--- Exercise objective ---
All of the records below should be output exactly.

***** Data extracts *****

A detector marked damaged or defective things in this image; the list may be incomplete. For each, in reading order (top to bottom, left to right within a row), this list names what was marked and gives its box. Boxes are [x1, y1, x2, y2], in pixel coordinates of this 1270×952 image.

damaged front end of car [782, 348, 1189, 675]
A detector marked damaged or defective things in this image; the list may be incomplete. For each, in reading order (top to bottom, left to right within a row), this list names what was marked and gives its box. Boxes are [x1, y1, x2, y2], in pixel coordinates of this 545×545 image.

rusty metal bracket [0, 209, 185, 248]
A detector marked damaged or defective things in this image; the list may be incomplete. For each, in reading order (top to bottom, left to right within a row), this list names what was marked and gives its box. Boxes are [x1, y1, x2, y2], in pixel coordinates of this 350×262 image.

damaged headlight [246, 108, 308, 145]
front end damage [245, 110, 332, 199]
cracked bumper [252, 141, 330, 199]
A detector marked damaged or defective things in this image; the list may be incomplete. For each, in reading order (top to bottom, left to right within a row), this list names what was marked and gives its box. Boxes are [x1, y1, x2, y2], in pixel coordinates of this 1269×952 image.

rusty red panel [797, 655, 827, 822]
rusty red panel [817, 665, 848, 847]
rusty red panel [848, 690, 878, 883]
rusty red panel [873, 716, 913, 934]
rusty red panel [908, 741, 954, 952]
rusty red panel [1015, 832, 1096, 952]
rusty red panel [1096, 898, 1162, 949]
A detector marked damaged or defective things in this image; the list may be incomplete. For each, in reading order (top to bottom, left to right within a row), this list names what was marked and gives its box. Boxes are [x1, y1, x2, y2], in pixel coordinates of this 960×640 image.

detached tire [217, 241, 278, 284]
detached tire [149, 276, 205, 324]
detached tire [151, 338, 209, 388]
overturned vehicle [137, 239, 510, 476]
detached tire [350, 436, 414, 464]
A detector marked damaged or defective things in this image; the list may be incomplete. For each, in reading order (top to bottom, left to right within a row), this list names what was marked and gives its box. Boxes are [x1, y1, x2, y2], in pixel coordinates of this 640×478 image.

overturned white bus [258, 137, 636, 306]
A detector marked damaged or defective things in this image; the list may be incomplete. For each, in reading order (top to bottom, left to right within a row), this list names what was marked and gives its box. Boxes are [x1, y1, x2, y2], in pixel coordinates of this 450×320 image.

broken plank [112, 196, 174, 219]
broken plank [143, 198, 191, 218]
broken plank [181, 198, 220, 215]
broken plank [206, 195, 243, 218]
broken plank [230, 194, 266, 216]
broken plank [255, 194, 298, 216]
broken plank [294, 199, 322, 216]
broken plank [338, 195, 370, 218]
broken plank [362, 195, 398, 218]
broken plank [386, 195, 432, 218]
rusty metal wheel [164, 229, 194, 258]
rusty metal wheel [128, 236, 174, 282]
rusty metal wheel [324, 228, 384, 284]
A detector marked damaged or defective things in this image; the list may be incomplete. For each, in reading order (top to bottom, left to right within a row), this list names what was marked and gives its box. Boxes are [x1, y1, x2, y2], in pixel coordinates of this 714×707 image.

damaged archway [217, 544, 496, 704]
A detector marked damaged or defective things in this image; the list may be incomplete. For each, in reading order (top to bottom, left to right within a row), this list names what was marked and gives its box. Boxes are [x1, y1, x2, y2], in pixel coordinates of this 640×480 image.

*****

--- Answer to this exercise ---
A detector marked damaged or defective things in this image; the list may be incomplete. For each, in reading order (top to bottom, left to right within a row), this list names what was marked and gives its box. Boxes are [x1, y1, x2, y2], in pixel coordinates of this 1270×952 image.

damaged front end of car [782, 348, 1189, 675]
A detector marked damaged or defective things in this image; the list may be incomplete. For each, in reading order (top to bottom, left to right within a row), this list names what was marked and gives its box. Boxes are [x1, y1, x2, y2], in pixel coordinates of this 545×545 image.

rusty metal bracket [0, 209, 185, 248]
A detector marked damaged or defective things in this image; the list may be incomplete. For each, in reading order (top to bottom, left to right within a row), this list names what was marked and gives its box. Boxes are [x1, y1, x2, y2], in pixel coordinates of this 350×262 image.

damaged headlight [246, 108, 308, 145]
front end damage [245, 110, 332, 199]
cracked bumper [252, 141, 330, 199]
A detector marked damaged or defective things in this image; the list may be incomplete. For each, in reading order (top to bottom, left to right within a row), this list names what was marked and gives its box. Boxes are [x1, y1, x2, y2], in pixel coordinates of this 1269×952 image.

rusty red panel [797, 655, 827, 822]
rusty red panel [817, 665, 848, 847]
rusty red panel [848, 690, 878, 883]
rusty red panel [873, 716, 913, 934]
rusty red panel [908, 741, 954, 952]
rusty red panel [1015, 832, 1096, 952]
rusty red panel [1096, 898, 1162, 949]
A detector marked damaged or defective things in this image; the list may be incomplete. For each, in reading order (top to bottom, left to right within a row), this list names what was marked and gives its box. Boxes are [x1, y1, x2, y2], in pixel coordinates of this 960×640 image.

detached tire [217, 241, 278, 284]
detached tire [149, 276, 205, 324]
detached tire [151, 338, 209, 388]
overturned vehicle [137, 239, 510, 476]
detached tire [350, 436, 414, 464]
A detector marked damaged or defective things in this image; the list may be incomplete. For each, in reading order (top to bottom, left to right within a row), this list names what was marked and gives its box. Boxes are [x1, y1, x2, y2], in pixel coordinates of this 640×478 image.

overturned white bus [258, 137, 636, 306]
A detector marked damaged or defective things in this image; the list may be incomplete. For each, in reading order (top to bottom, left to right within a row), this list names what was marked and gives its box. Boxes are [x1, y1, x2, y2], in pixel coordinates of this 450×320 image.

broken plank [112, 196, 174, 219]
broken plank [143, 198, 191, 218]
broken plank [181, 198, 220, 215]
broken plank [206, 195, 243, 218]
broken plank [230, 194, 266, 216]
broken plank [255, 194, 298, 216]
broken plank [294, 199, 322, 216]
broken plank [338, 195, 370, 218]
broken plank [362, 195, 398, 218]
broken plank [386, 195, 432, 218]
rusty metal wheel [164, 229, 194, 258]
rusty metal wheel [128, 236, 174, 282]
rusty metal wheel [324, 228, 384, 284]
A detector marked damaged or defective things in this image; the list may be incomplete. For each, in reading order (top to bottom, left to right within a row), this list names what was marked and gives its box. Boxes are [x1, y1, x2, y2], in pixel coordinates of this 714×707 image.

damaged archway [217, 544, 496, 704]
A detector marked damaged or defective things in this image; the list may be incomplete. For each, in reading order (top to bottom, left to right within a row), this list names what was marked and gives its box. Boxes are [x1, y1, x2, y2], in pixel coordinates of this 640×480 image.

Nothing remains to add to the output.